In 2001, Bosak organized the OASIS Universal Business Language Technical Committee to create standard formats for basic electronic business documents. He led the UBL TC through the completion of UBL 2.1 in November 2013 and continues to serve on the Committee as Secretary. UBL was approved for use in European public sector procurement by decision of the European Commission dated 31 October 2014 and published as an International Standard, ISO/IEC 19845:2015, on 15 December 2015.

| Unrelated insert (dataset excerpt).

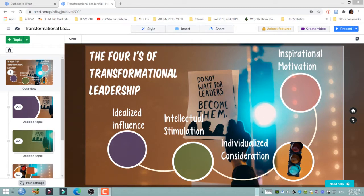Now that we have all four topics of transformational leadership placed on the Overview Canvas, we are now ready to add subtopics.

== Metrological Studies ==

Bosak is author of the book "The Old Measure: An Inquiry into the Origins of the U.S. Customary System of Weights and Measures" (ISBN 978-0-615-37626-4, 2010) and the article "Canonical grain weights as a key to ancient systems of weights and measures" (latest version 19 April 2014)

== Bob Bosak ==

Jon Bosak's father, Robert Bosak (1925–1987), began the family's long involvement in the computer industry in 1947 when he went to work on the first computer on the west coast of the US. He joined RAND in 1948 to work on analysis and programming of scientific problems. In 1951, he joined Lockheed Aircraft Corporation, where he organized and directed the Mathematical Analysis Group. For a short time after his divorce in the 1950s, he shared an apartment with Bob Bemer, "the Father of ASCII."

Bob Bosak returned to RAND in 1956 to become head of programming for the Semi Automatic Ground Environment (SAGE), the automated NORAD system that controlled US air defenses from 1959 to 1983 and
strongly influenced the design of modern air traffic control systems. He was one of the designers of JOVIAL and principal author of the seminal paper An Information Algebra.